If the onions and peppers are fresh, sauté them (but don’t brown them) for a few minutes to soften them. If they’re marinated or have spent some time soaking in water, they’re good to go.
In a simmering small saucepan, blend a half a cup of ketchup with a tablespoon of either raw sugar (for a lighter sauce) or brown sugar (for a thicker sauce). Add splashes of vinegar and soy sauce. Add the onions and peppers. For seasonings, you want to keep it light so it won’t interfere with the onions and peppers (we’re not going with garlic for this sauce). I suggest just a bit of paprika for heat, a bit of ginger for depth, and cilantro to garnish the flavor, but let your taste buds and your sense of smell be your guide. Let it simmer for a good 20 minutes or so, long enough for the peppers and onions to start to melt into the sauce and release their flavors.
I served it (to myself) with some stove-cooked black-eye peas. The sauce, as I prepared it mildly, matched the Pinot Gris very well, accentuating the bold fruit flavors without overwhelming them. A spicier sauce would need a fuller white, either in body or in sweetness.
This week was a bit of a treat. Instead of the usual one-or-two wines, our tasting included three varied wines: a Prosecco, a Port-style Zinfandel, and an Alsatian Riesling. What was the occasion? Does one need an occasion to celebrate life?
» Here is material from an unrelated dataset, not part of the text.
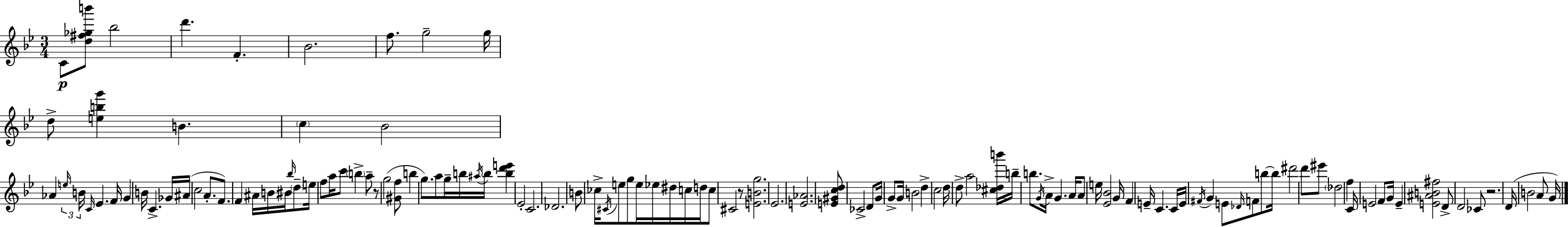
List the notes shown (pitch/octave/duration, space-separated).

C4/e [D5,F#5,Gb5,B6]/e Bb5/h D6/q. F4/q. Bb4/h. F5/e. G5/h G5/s D5/e [E5,B5,G6]/q B4/q. C5/q Bb4/h Ab4/q E5/s B4/s C4/s Eb4/q. F4/s G4/q B4/s C4/q. Gb4/s A#4/s C5/h A4/e. F4/e. F4/q A#4/s B4/s BIS4/s Bb5/s D5/e E5/s F5/e A5/s C6/e B5/q A5/e R/e G5/h [G#4,F5]/e B5/q G5/e. A5/e G5/s B5/s A#5/s B5/s [B5,D6,E6]/q Eb4/h C4/h. Db4/h. B4/e CES5/s C#4/s E5/e G5/e E5/s Eb5/s D#5/s C5/s D5/s C5/e C#4/h R/e [E4,B4,G5]/h. Eb4/h. [E4,Ab4]/h. [E4,G#4,C5,D5]/e CES4/h D4/e G4/s G4/e G4/s B4/h D5/q C5/h D5/s D5/e A5/h [C#5,Db5,B6]/s B5/s B5/e. G4/s A4/s G4/q. A4/s A4/e E5/s [Eb4,Bb4]/h G4/s F4/q E4/s C4/q. C4/s E4/s F#4/s G4/q E4/e Db4/s F4/e B5/e B5/s D#6/h D6/e EIS6/e Db5/h F5/q C4/s E4/h F4/e G4/s E4/q [E4,A#4,B4,F#5]/h D4/e D4/h CES4/e R/h. D4/s B4/h A4/e G4/s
We started with the non-vintage Luna Argenta Prosecco, a prime example of its style. The color was a very pale straw, and the carbonation appeared to be fine if a bit aggressive. The nose was very aromatic, detectable from a yard away directly after its pour. Apple, citrus, and a light floral scent all cobbled together in a fairly standard bubbly scent. The flavors were a bit different, with pineapple, a bitter berry, and pear all making appearances. It was dry, and the flavor was weak when compared to the aroma. Still, not a disappointing sparkling, especially for one that usually sells for just over $10. This was the clear favorite in the tasting, as the bottle was drained soon after the tasting was over. Compare that to the last wine, which, among the nine of us usually eager wine-consumers, had a half of a bottle leftover that we used to clean our drains.
A bit of a surprise was the 2006 Evenus Port-style Zinfandel. Hailing from Paso Robles in California for just under $10 at Trader Joe’s, this wine was a big change from the Prosecco. We decided to give our Porto Sippers a workout for this one, as we hadn’t had the opportunity in our tastings thus far. The Port sippers will direct and splash Port wine directly onto your tongue, resulting in a unique tasting experience that, admittedly, we hadn’t tried in quite a while. This certainly disappoint, highlighting the flavors of cranberry, raspberry, and baking spices in this wine. We also tried it with dark chocolate, and it paired sublimely.
We finished with the 2004 Kuentz Bas Alsatian Riesling. The Riesling was by far (and surprisingly) the worst of the group. The aroma was that of spiced fruit and dark floral, but it seemed slightly spoiled. The flavor wasn’t much better, with orchard fruit and citrus tempered by a floral flavor, though the whole experience was marred by some rotten-sweet characteristic. The texture was lifeless, lame, and the finish was disappointingly short. I wrote and underlined FLACCID on the sheet. The balance was just awful, with no acid activity whatsoever. As the most anticipated wine in our line up, it was a complete let-down.
It was so bad that Ashley decided to see if she could improve its characteristics by drinking it from a coffee mug. Not surprisingly, her plot was foiled.